О своей молодости она рассказывала лишь особо доверенным. И то как–то неохотно — причем пользовалась почему–то словами и выражениями Мики. Это было естественно, когда речь шла об Италии и о родителях. Но точно так же она говорила о балете, о Бронеке, о Лизочке, будто и об этом обо всем узнала от брата. Может быть, потому, что в его изложении все выглядело как–то намного значительнее, красивее.
С ней явно происходило нечто странное. Дора Яковлевна помнила каждую мелочь, каждую минуту своего недолгого счастья — и вместе с тем с некоторых пор ей приходилось чуть ли не внушать себе: «да, все это было, все это действительно происходило со мной». Что–то съехало в ней, потеряло устойчивость. Ей стало трудно говорить о муже, о дочери: казалось, люди притворяются, будто верят ей, а на самом деле знают, что это всего лишь сиротская детдомовская байка, вроде отца–комиссара и боевой подруги–матери. Кстати, весь этот вздор, созданный когда–то наивной детской фантазией и вроде бы давно забытый, почему–то вдруг воскрес и засуществовал не менее реально, чем Бронек и Лизонька. И что смущало Дору Яковлевну больше всего: вскрикивая от боли, вздыхая от одиночества, прося жалости, она мысленно обращалась не к своим настоящим родителям, а к этим, выдуманным.

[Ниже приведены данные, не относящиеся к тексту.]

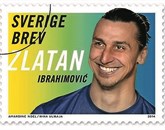 Švedska pošta bo marca prihodnje leto izdala priložnostno poštno znamko s podobo Zlatana Ibrahimovića Foto: Facebook/Zlatanibrahimovic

Иногда, опасаясь, что недоверие слушателей вот–вот прорвется откровенной ухмылкой или даже смехом, — как это случалось с подружками в детдоме — Дора Яковлевна спешила достать из ящика большую красивую фотографию Бронека, которую Мики разыскал после войны в архивах оперного театра. У нее хранились и два любительских снимка Лизоньки, но их Дора Яковлевна никому не показывала: снимки эти отчего–то покрылись сиреневыми и желтыми пятнами и на них почти ничего нельзя было разобрать.
В театральной программке — единственной, которая сохранилась у Доры — как назло, отвалился угол, где была напечатана ее фамилия. И Дора Яковлевна старалась компенсировать эту утрату, демонстрируя гостям искалеченные пуантами ноги…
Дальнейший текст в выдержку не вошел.